Also, what I think is also important to differentiate between: dependency injection, and programming against interfaces.
Interfaces are good, and there was a while where infant DI and mocking frameworks didn't work without them, so that folks created an interface for every class and only ever used the interface in the dependent classes. But the need for interfaces has been heavily misunderstood and overstated. Most dependencies can just be classes, and that means you can in fact click right into the implementation, not because the IDE understands DI, but because it understands the language (Java).
Don't hate DI for the gotten-out-of-control "programming against interfaces".
It's technically a flaw of using generic interfaces, rather than DI. But the latter basically always implies the former.

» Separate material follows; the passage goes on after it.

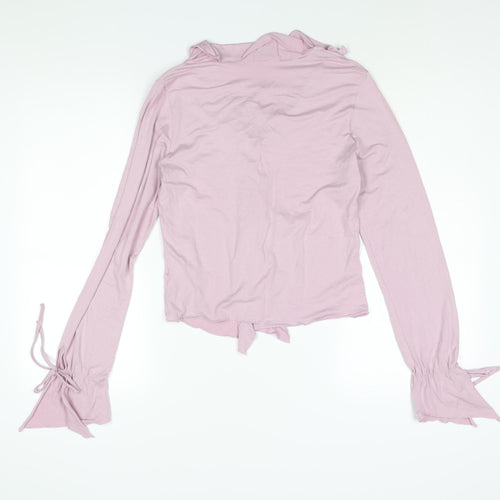 Pe Una Womens Pink Viscose Basic Blouse Size 14 V-Neck - Frill Bow Detail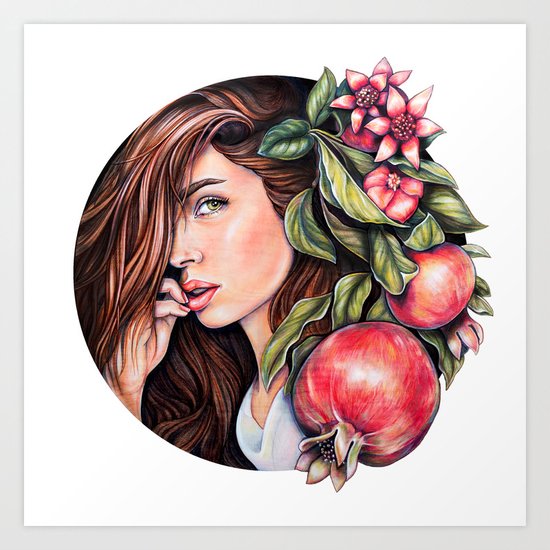 Pomegranate flowers Art Print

If there are multiple implementations it gives a list to navigate to. If there’s 1 it goes straight to it. Don’t know about IntelliJ but rider and vs do this. And if the solution is indexed this is fast.
Edit: upon rereading I realize your point was about reading code, not writing it, so I guess that could be a different use case...
There's nothing wrong with using an IDE most of the time, but building dependence on one such that you can't do anything without it is absolute folly.
In a Spring application there are a lot of (effective) singletons, the "which implementation of the variable that implements Foo is it" becomes also less of a question.
In any case, we use Spring on a daily basis, and what you describe is not a real issue for us.